# Fix slot load CD/DVD Player (Eject Problems)



## Thumper88

Hey all,
I was working on an older Pioneer DEH-P7600MP. The issue was it loaded a CD just fine, but when ejecting it....it needed some help (pull on the cd).

I dismantled the unit (actually really easy), and took a look at what was going on. The loading motor was working fine, all the gears were turning, and it was turning a rubber roller.

This rubber roller was the problem, it was very dirty/grimy after several years of use. It was having trouble gripping the CD.

*Here's a youtube video that explains it a little:*
‪Easy Load Fix‬‏ - YouTube
*And here's the method I used to clean it:*
‪Ford 6006E CD Pickup Roller Cleaning‬‏ - YouTube

I didn't have whatever cleaning solution they were using, so I looked around the house and found some "Footlocker Sneaker Cleaner". Cut a piece of paper the shape of a CD like the in the second youtube video, sprayed the paper with the cleaner, and stuck it in the cd drive with a old/bad CD (don't let the CD/paper go all the way in).

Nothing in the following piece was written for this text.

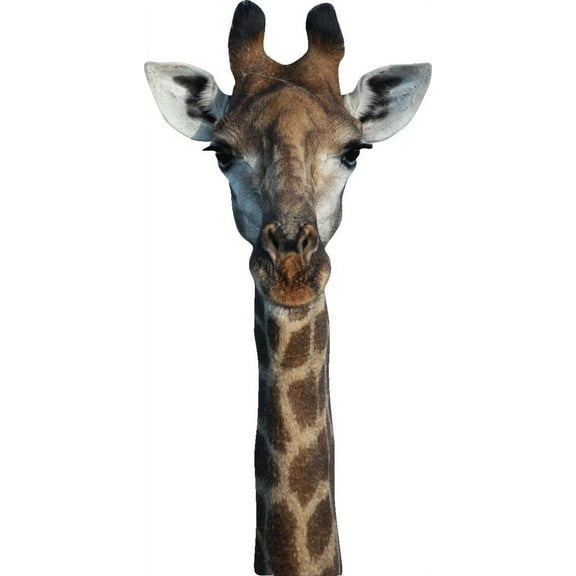 Boer Giraffe Wall Decal Cutout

In the 7600MP, the roller is on the bottom, so I put the paper in facing the bottom. Other CD players maybe different, apparently the rollers are on the top in that Ford 6-disc player (2nd youtube video). When I pulled the CD/paper out, a lot of dirt came with it....this is how you know it worked. I did this a few times (flipped the paper over).

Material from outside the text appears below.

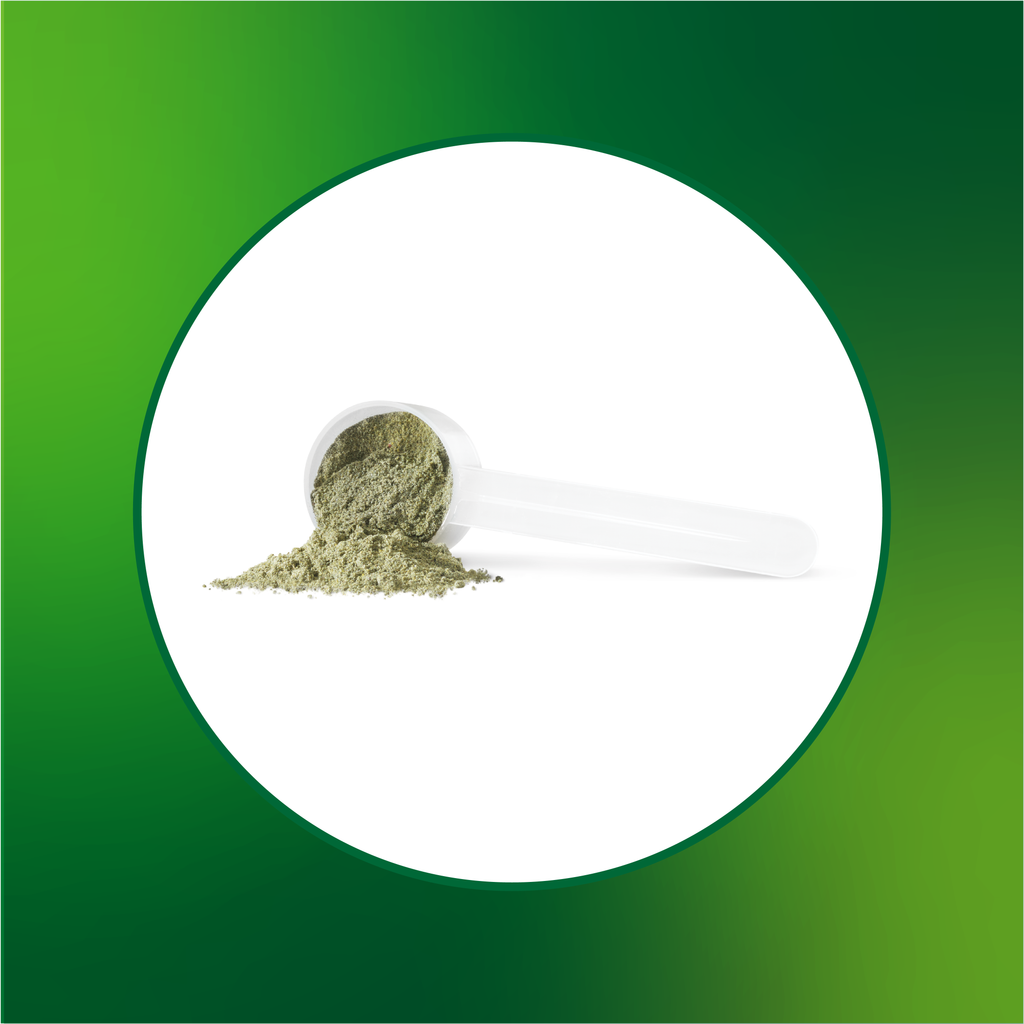 31001946 Progressive VegeGreens, Strawberry Banana, 265 g 1855 Vegegreens Strawberry Banana 530g_Scoop Shot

The CD ejects like a brand new head unit. Hope this helps someone out. Simple fix and saves you from getting a new head unit.


----------



## MrUntouchab1e

Thanks for the great info!! I would be nervous to try this on my own.


----------



## WhiteLX

I'll have to give this a try on my Alpine CDA-7977. It's having trouble ejecting the discs.


----------



## Maximilliano

There is a similar issue with the loading trays of older Xbox's where the rubber band around the plastic rollers would gum up and not open. When cleaned my rollers I just used alcohol so that any drops would evaporate away quickly.


----------



## Thumper88

Worked on another CD player today. The plastic gear cover was cracked at one of the screw down locations. This allowed the gears to pull up and just making a clicking sound when trying to eject the CD.
This is not as easy of a fix, a little more in depth, have a new gear cover on order...


----------